- PROBLEM:
What lines in the entries hold the string "Foto"? List them.
─── DATA EXTRACTS
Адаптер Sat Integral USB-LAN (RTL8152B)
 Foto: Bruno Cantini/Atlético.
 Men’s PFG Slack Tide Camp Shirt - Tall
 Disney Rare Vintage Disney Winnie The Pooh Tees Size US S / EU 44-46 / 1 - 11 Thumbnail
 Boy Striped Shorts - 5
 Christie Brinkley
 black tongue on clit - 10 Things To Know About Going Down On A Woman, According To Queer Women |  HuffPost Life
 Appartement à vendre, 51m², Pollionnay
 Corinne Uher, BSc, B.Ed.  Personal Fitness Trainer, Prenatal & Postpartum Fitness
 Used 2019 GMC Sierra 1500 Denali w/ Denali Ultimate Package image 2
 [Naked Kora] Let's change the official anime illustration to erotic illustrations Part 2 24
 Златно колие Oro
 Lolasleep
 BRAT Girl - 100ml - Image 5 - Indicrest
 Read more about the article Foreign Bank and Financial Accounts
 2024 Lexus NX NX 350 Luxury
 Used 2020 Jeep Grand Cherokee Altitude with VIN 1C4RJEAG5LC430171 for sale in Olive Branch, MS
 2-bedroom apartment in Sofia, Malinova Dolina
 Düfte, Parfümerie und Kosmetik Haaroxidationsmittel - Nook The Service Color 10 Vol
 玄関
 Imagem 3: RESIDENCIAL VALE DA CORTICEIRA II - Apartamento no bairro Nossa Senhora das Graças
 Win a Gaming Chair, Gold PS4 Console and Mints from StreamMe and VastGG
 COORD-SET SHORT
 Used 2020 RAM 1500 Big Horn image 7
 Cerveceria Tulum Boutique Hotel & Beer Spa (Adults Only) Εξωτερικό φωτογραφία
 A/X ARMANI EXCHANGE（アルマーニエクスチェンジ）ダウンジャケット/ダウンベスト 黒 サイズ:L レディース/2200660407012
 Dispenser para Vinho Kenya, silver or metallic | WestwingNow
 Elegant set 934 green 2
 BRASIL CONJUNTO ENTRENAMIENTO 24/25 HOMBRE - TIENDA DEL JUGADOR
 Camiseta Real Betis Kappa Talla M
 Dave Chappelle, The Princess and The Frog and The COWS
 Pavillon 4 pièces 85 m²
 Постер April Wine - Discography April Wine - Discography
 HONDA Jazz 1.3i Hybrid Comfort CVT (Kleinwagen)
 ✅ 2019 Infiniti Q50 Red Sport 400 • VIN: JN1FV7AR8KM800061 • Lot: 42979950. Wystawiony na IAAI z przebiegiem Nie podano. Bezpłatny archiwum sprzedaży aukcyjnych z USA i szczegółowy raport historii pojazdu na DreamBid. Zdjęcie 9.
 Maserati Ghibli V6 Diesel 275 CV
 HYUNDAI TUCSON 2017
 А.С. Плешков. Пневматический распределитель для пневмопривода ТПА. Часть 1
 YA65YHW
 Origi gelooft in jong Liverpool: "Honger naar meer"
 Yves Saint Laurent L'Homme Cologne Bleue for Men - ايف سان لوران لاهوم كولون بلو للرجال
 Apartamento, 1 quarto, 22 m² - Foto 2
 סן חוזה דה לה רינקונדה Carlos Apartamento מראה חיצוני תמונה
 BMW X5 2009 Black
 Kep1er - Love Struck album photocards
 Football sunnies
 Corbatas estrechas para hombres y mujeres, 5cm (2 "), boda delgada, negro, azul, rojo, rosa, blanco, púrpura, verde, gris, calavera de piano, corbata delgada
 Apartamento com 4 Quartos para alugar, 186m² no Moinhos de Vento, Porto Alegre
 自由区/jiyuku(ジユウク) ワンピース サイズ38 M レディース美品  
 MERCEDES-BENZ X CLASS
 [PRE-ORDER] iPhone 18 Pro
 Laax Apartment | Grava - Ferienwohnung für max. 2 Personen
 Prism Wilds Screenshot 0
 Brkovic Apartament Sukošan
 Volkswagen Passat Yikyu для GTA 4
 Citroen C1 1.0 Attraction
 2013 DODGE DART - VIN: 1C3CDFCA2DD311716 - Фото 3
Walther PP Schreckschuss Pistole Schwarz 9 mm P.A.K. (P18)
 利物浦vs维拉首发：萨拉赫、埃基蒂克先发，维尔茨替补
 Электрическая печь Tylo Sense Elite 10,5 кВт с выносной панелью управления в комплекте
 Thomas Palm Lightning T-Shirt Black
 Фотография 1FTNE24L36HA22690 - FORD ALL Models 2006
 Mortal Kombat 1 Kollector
──────
- ANSWER FOR THE TASK:
 Foto: Bruno Cantini/Atlético.
 Apartamento, 1 quarto, 22 m² - Foto 2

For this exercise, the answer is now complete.